Un dérivatif devenu inspiration
Née à Payerne en 1925, Marie-Louise Goumaz ne garde du patois qu’un vague souvenir de ses grands-parents lisant Le Conteur vaudois. «Ils riaient, mais je ne comprenais rien», se souvient-elle. Il faudra attendre ses 39 ans, et la dépression de son mari, pour que ce dialecte débarque dans sa vie. L’apprentissage du patois devient alors une bouée de secours à laquelle le couple se rattache. «C’était un dérivatif, une manière de se changer les idées», explique-t-elle. Si son époux ne mord pas à l’hameçon, la Vaudoise y découvre une vocation. «Ça m’a allumé un feu d’envie de savoir lire et parler ce langage.» «À quoi bon apprendre une langue morte?» lui ont martelé ses proches. «À avoir du plaisir», répond-elle encore.

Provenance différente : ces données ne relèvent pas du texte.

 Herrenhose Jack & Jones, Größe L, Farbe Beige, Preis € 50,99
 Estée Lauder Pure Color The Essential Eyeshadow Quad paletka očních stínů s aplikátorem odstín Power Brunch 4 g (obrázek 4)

Un plaisir lisible sur chaque trait de son visage. Caissière puis présidente de l’Association Vaudoise des Amis du Patois (AVAP), Marie-Louise Goumaz a consacré les vingt-cinq dernières années à raviver ce langage de l’intimité. «C’est mon petit coin secret où je me sens bien», partage-t-elle alors qu’un rayon de soleil auréole ses cheveux blancs.
Ce moyen métrage nous emporte aussi dans les souvenirs d’une enfance au début du XXe siècle. De l’éducation stricte de son père, et du décès de sa mère, Marie-Louise Goumaz garde une mémoire intacte, aux émotions souvent palpables. De nature littéraire, elle se réfugie tôt dans les pages de ses bouquins. Adulte, ce sera également sur le papier qu’elle laissera divaguer son imaginaire, en français comme en patois. Entre contes, poèmes et nouvelles, elle se représente le passé de nos ancêtres: «En lisant le patois, on se reporte à deux siècles en arrière. On retrouve la mentalité d’avant, ce qui faisait le bonheur et le malheur des gens.» Une époque plus difficile, de laquelle elle puise «un grand respect pour ceux qui ont tenu bon».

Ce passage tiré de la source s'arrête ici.